Showing posts with label Pushker Kharecha. Show all posts
Showing posts with label Pushker Kharecha. Show all posts

Thursday, May 2, 2013

Nuclear Power vs. Coal:

Comparative Estimate of Deaths

In recent weeks, I've seen several reports on energy issues that encourage me that people really are looking deeply at the issues.  I recently reported on one set of articles on some of the potential shortcomings of renewable technologies.  In this post, I'll talk about a report that nuclear power has saved 1.8 million lives.  The news reports are based on a technical paper published by the American Chemical Society and authored by Pushker Kharecha and James Hansen.
 
This report initially got a fair amount of attention because James Hansen has become well known as an advocate for reducing greenhouse gases (although an op-ed by Clint Wolfe in the Augusta Chronicle noted that the attention has largely been limited to technical publications, and it has not gotten nearly as much attention in the general press as Hansen's earlier studies on global warming received). The authors embarked on this study because they were concerned that the reaction to Fukushima was out of proportion to its impacts.  The study compared both fatalities and greenhouse gas emissions from the entire fuel cycle for both coal and nuclear power.  (It did not look at non-fatal illnesses.)  Most of the press seems to have focused on the figures for fatalities, which are startling. 
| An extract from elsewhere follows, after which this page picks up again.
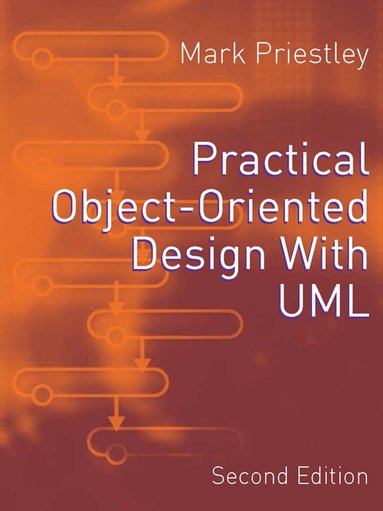 Mark Priestley - Practical Object-Oriented Design Using UML, Häftad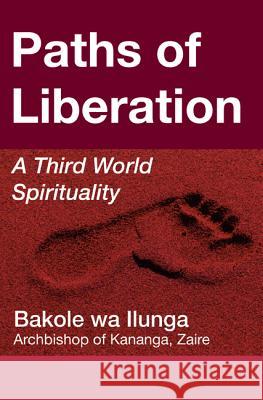 Paths of LIberation Ilunga, Bakole Wa 9781498238212 Wipf & Stock Publishers - książka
I have been a little surprised I haven't seen more follow up on the reports.  After all, numbers in the millions seem so large that I expected some rebuttal offering different data and different results.  I must confess I haven't tried to parse all the data and calculations in the study myself, but I can only assume that the lack of counterarguments is evidence that the study results are solid.

Of course, many of us have known for a long time that there were a lot of coal-related fatalities.  The problem has been that they usually occur in small numbers at a time, and mostly among people who are elderly or in poor health, so the correlation between coal burning and health effects has tended to be masked.  

Still, a number approaching two million certainly got my attention.  I hope it will get the attention of others.